When I first started watching classic movies I fell in love with Humphrey Bogart, William Holden and the magic of Audrey. Yes, Sabrina was my first Audrey, When I was about 16 and earning money of my own for the first time I bought an Audrey Hepburn box set containing Sabrina, Funny Face, Breakfast at Tiffany’s and Paris When It Sizzles (which I maintain is one of my favourite Audrey films, no matter how derided it is by everyone).
But as I’m sure any classic movie buff knows, it is hard explore that era of films without encountering perhaps one of the most identifiable women in history – Marilyn Monroe. My first encounter with her was through the Living Blonde series of books by Allison Rushby about a teenage girl who was obsessed with Marilyn movies and thought her life played out according to her most notable films. Admittedly I never thought much of Marilyn in the past. I left it until relatively late in my classic movie obsession to see any of her movies, and then when I did, I more often than not found myself more engaged with her co-stars than in the characters she played. In Gentleman Prefer Blondes I was much more interested in the fortunes of Jane Russell’s Dorothy Shaw than the (admittedly gorgeously named) Lorelai Lee. How To Marry A Millionaire had me wishing all along that Lauren Bacall’s Schatze would just realise Tom wasn’t a gas pump jockey while as a lifelong glasses-wearer myself becoming annoyed at Pola’s antics not wearing her glasses when there was a man around. Even Some Like It Hot wasn’t enough to sway me to team Marilyn. While I did enjoy those movies,and I could see how charismatic and mesmerising she could be, I still viewed her as almost one-dimensional in her character portrayal.

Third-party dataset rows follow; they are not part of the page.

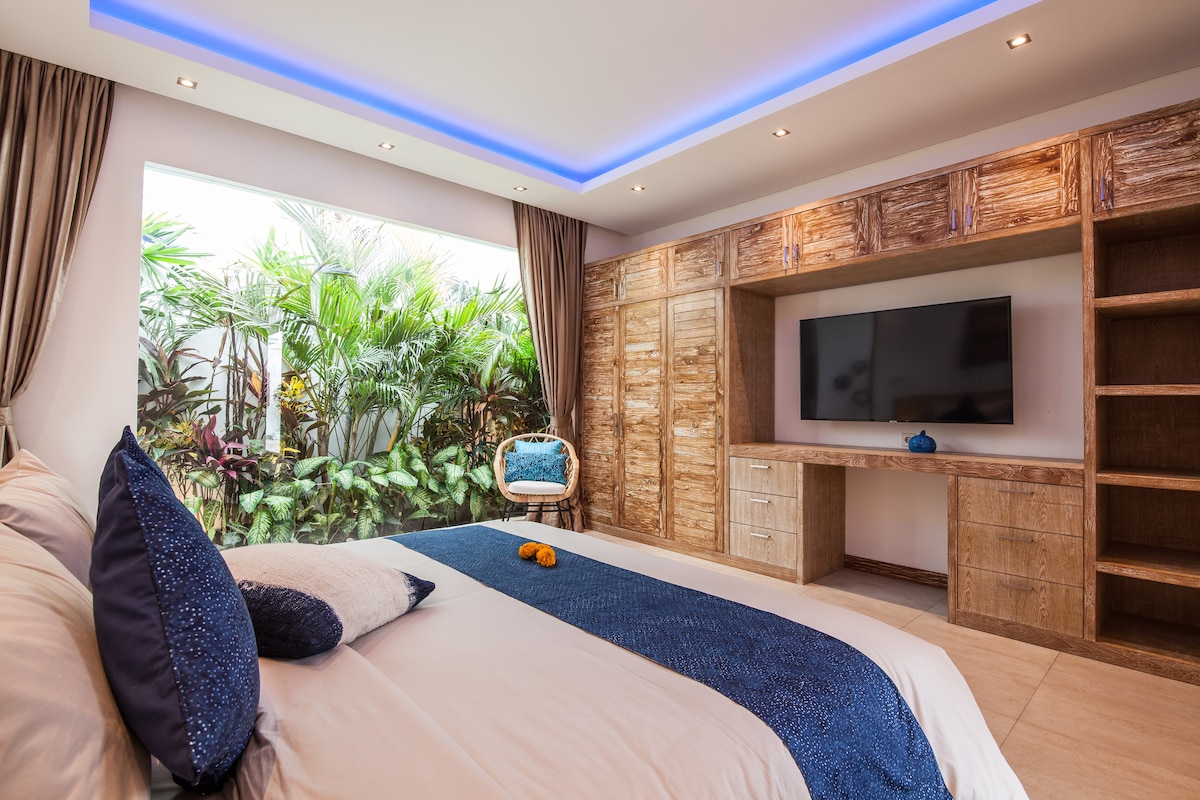 Spavaća soba 1 - bračni krevet - TV - ormar -  klima-uređaj - privatna kupaonica   - pogled na tropski vrt 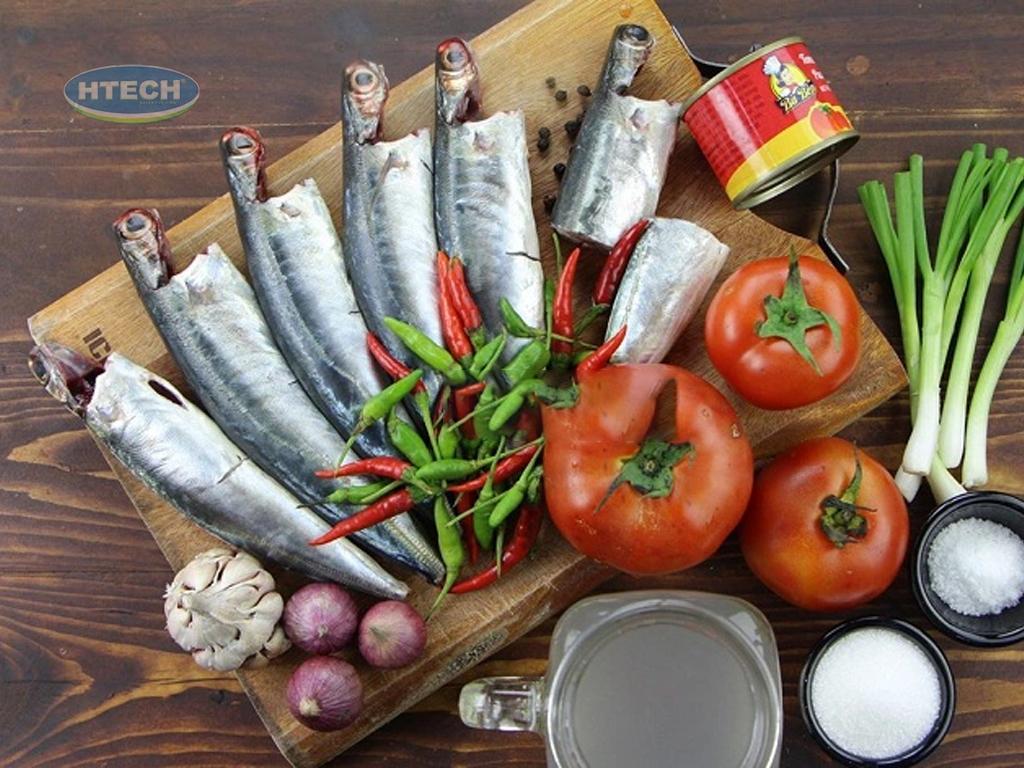 nguyen-lieu-lam-ca-nuc-sot-ca-chua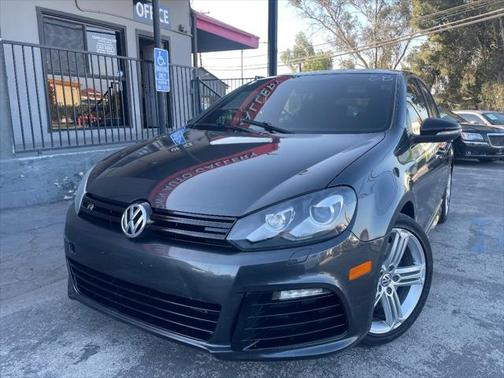 2012 Volkswagen Golf R 4-Door w/DCC & Navigation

And then along came The Seven Year Itch. Without a question this is my favourite Marilyn Monroe movie (of the four that I have seen). Any Billy Wilder and George Axelrod project is bound to be special. Tom Ewell absolutely grabs me as the abandoned husband stuck in New York during a hot muggy summer with a hot upstairs neighbour running rampant in his heat induced fantasies. Watching this movie I almost fell in love with Marilyn as The Girl though possibly due to the similarities present between Seven Year Itch and Breakfast at Tiffany’s.
This may seem like a wildly outrageous notion at first, but I find small comparisons there that may have drawn me to SYI because of their BAT likeness:
- New York setting
- quirky but breathtaking girl in the city to follow her dreams,
- flirtations with the bumbling writer/publisher downstairs neighbour
- based on successful source material
- featuring iconic female leads with lesser known male leads
Mostly I find a sense of escapism in both films. Holly Golightly is obviously running away from her Texas beginnings. Tom Ewell’s Richard Sherman seeks to escape first from the presumed monotony of his marriage and summer existence through encounters with The Girl. And then when her temptations prove too much for him to bear he retreats to melodramatic fantasies and eventually his family in Maine. The addition of Marilyn Monroe playing The Girl perfectly is just an added bonus.
I read and watch movies to escape into other places and forget about my own troubles. The Seven Year Itch especially on a day like provides that chance to escape, wanting to be the quirky but breathtaking girl with a loveable downstairs neighbour. Today is a muggy almost summer day and , for today and today only, I am a Marilyn.